- [Exercise requirements]:
Copy out exactly the lines spanning the line with "Imóvel no mapa" to the line with "Raincover for W2", inclusive, from the data underneath, with no pictures.

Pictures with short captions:

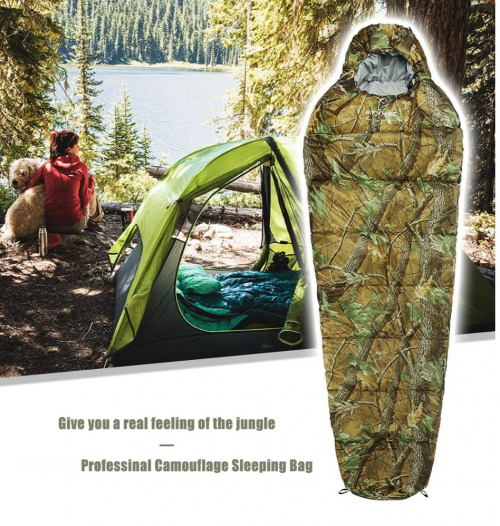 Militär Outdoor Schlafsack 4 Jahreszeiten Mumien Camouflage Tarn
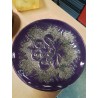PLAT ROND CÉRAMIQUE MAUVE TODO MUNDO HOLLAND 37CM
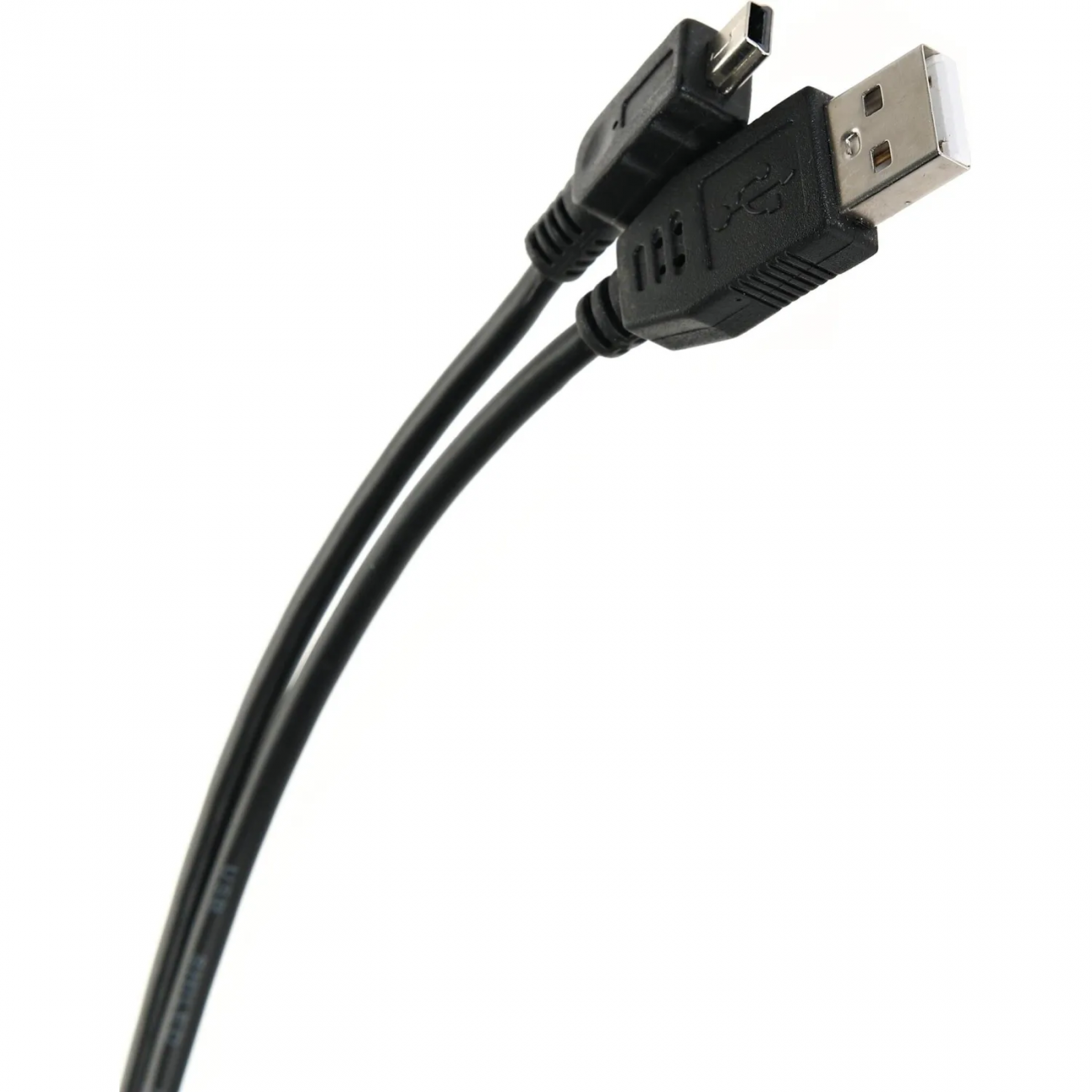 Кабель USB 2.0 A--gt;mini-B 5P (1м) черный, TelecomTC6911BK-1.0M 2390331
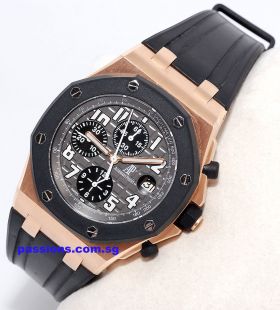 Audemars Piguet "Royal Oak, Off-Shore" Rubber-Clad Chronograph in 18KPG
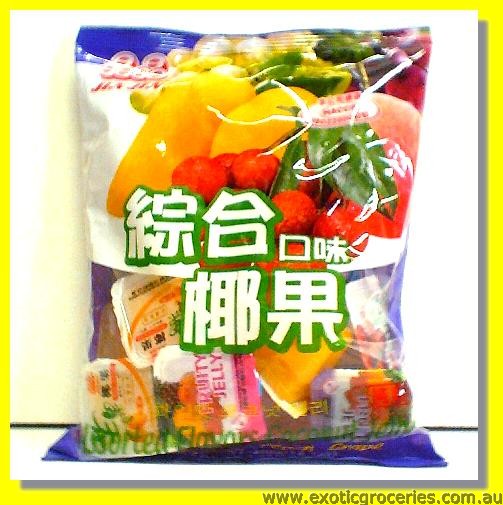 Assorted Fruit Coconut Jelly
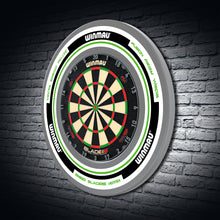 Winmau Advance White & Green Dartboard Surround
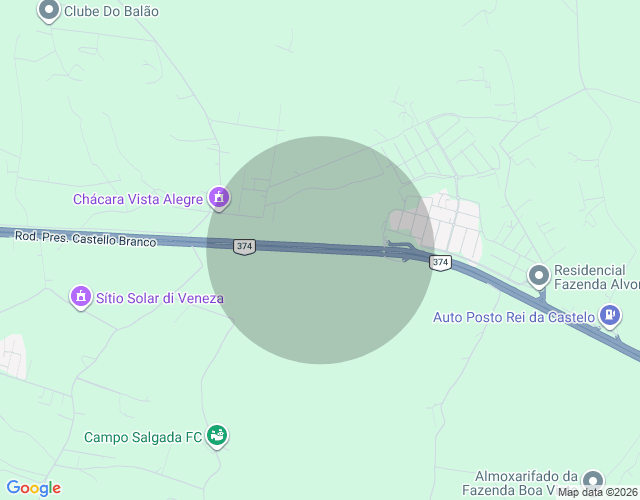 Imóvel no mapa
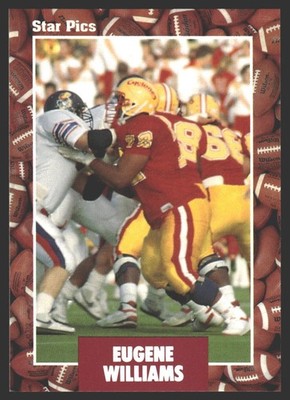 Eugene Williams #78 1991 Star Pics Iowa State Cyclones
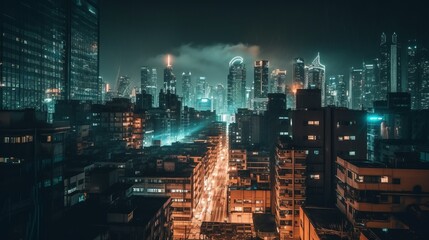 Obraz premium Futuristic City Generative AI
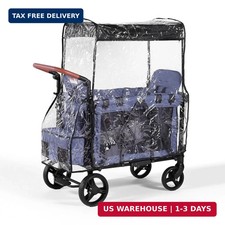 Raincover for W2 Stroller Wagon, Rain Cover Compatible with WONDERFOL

* * *

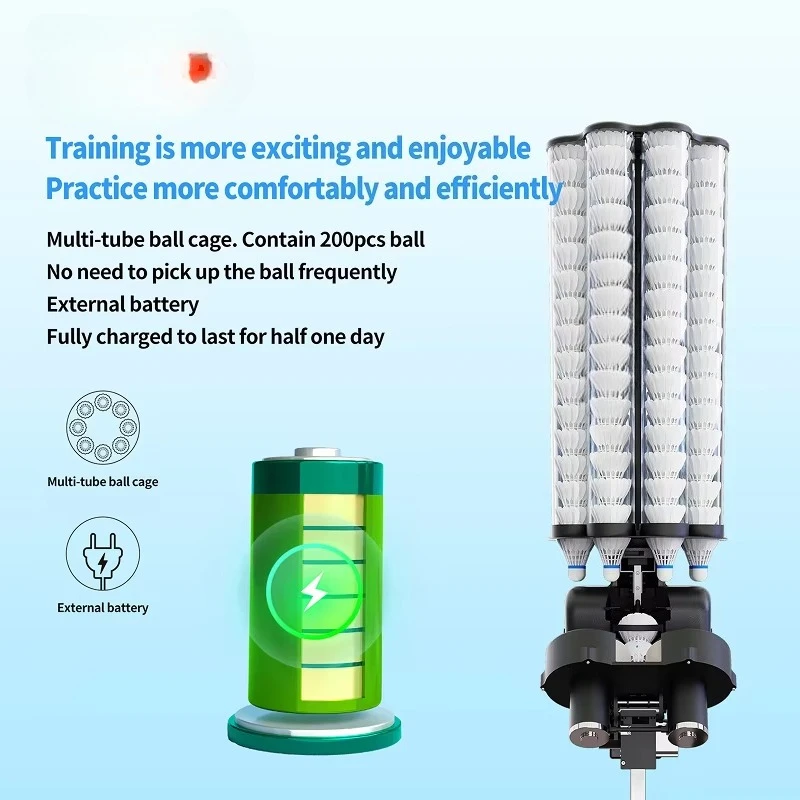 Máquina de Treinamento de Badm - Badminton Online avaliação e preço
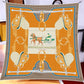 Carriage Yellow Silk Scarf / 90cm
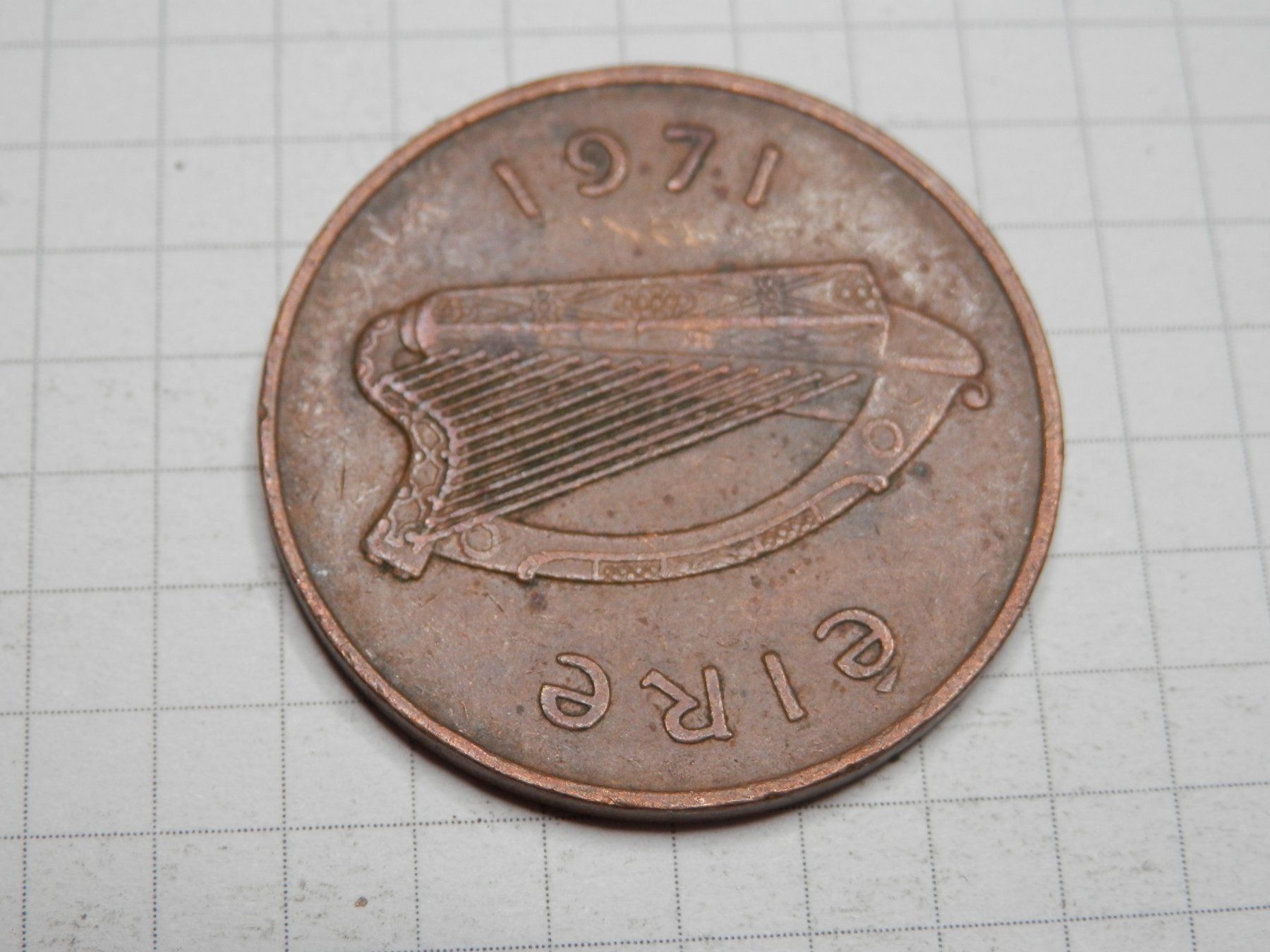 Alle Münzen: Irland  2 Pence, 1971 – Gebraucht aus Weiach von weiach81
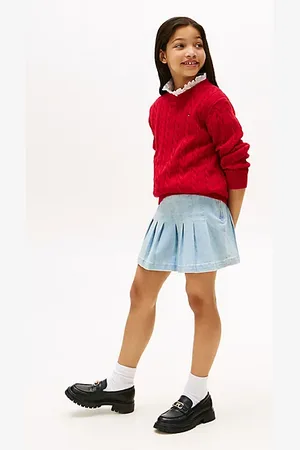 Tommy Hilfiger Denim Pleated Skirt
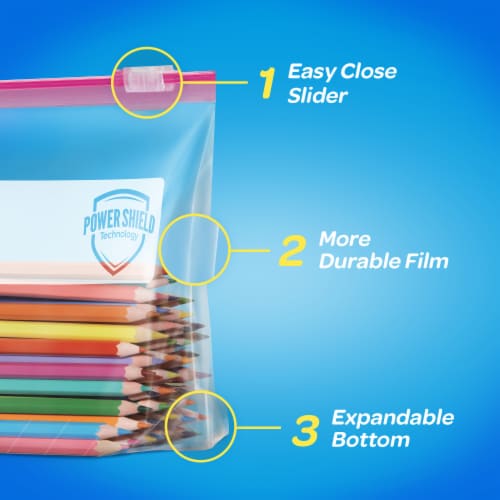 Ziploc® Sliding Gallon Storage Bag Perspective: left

- [Exercise response]:
 Imóvel no mapa
 Eugene Williams #78 1991 Star Pics Iowa State Cyclones
 Obraz premium Futuristic City Generative AI
 Raincover for W2 Stroller Wagon, Rain Cover Compatible with WONDERFOL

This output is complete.